_Input data_.
-- Opening Marker --

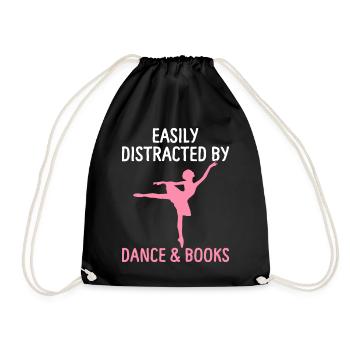 Ballerina Ballet Dancer Books Lover Abgele - Drawstring Bag - black - Front
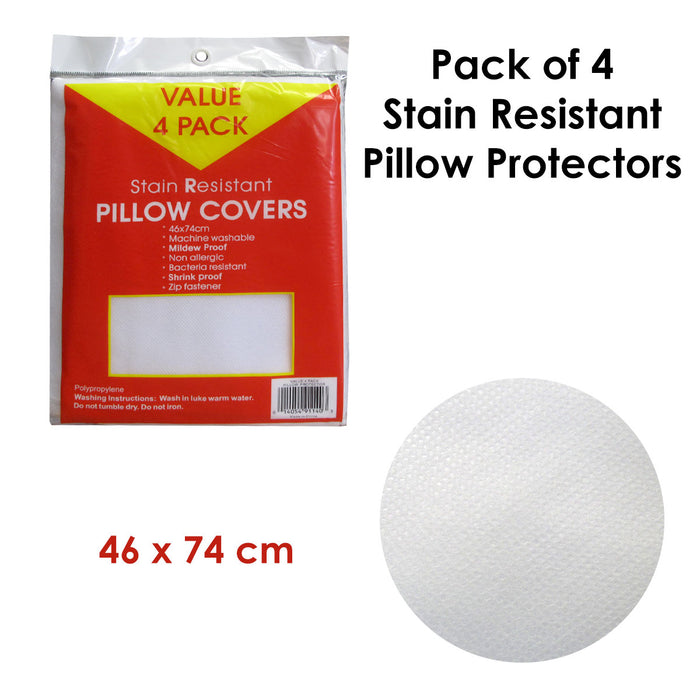 White Standard Pack of 4 Stain Resistant Pillow Protectors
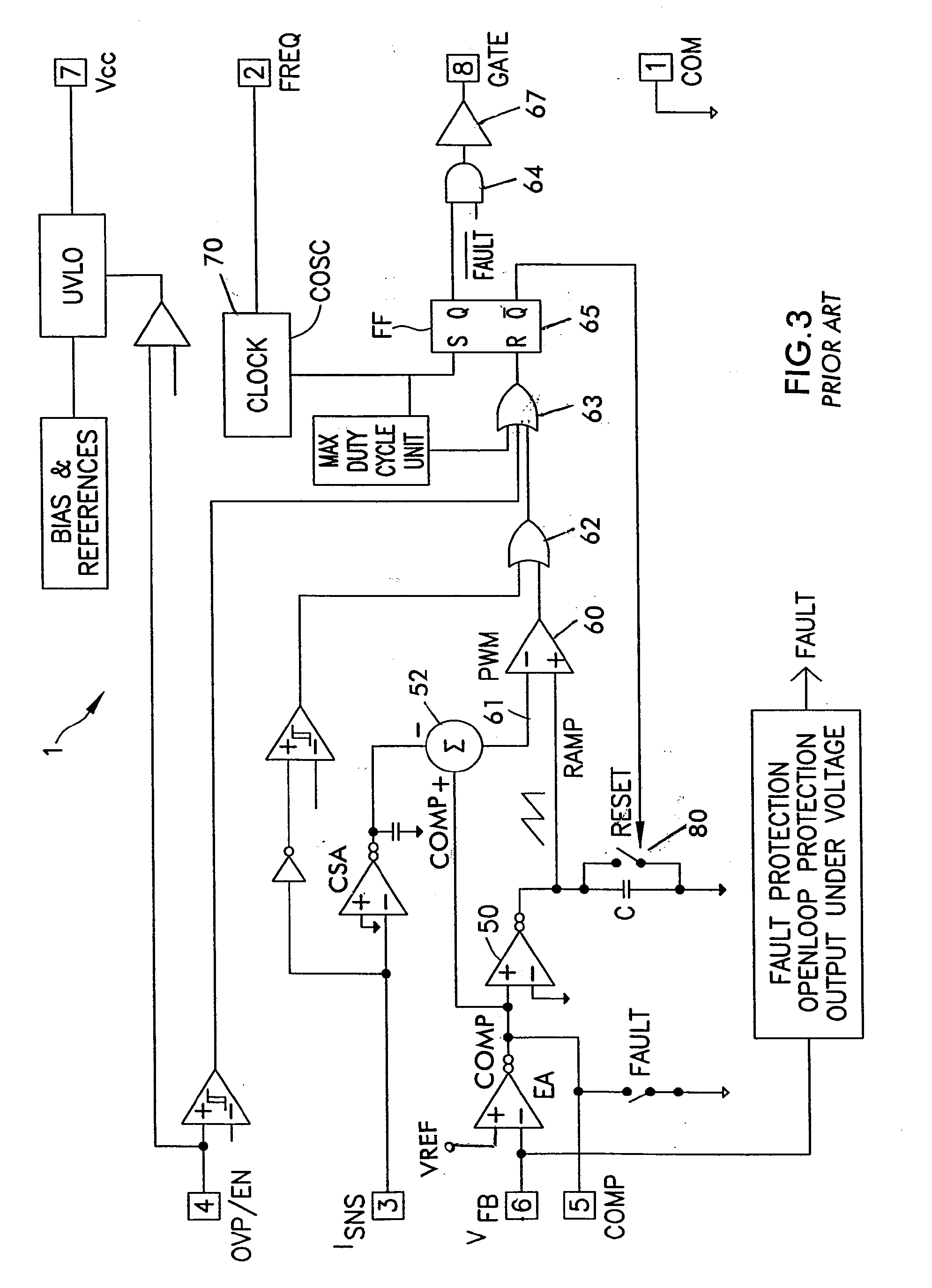Merged ramp/oscillator for precise ramp control in one cycle pfc converter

-- Closing Marker --

_Exercise prompt_.
Starting with the line that contains "White Standard Pack", repeat each line exactly until the listing ends, including the last one. Leave pictures out.

_Answer space_.
 White Standard Pack of 4 Stain Resistant Pillow Protectors
Merged ramp/oscillator for precise ramp control in one cycle pfc converter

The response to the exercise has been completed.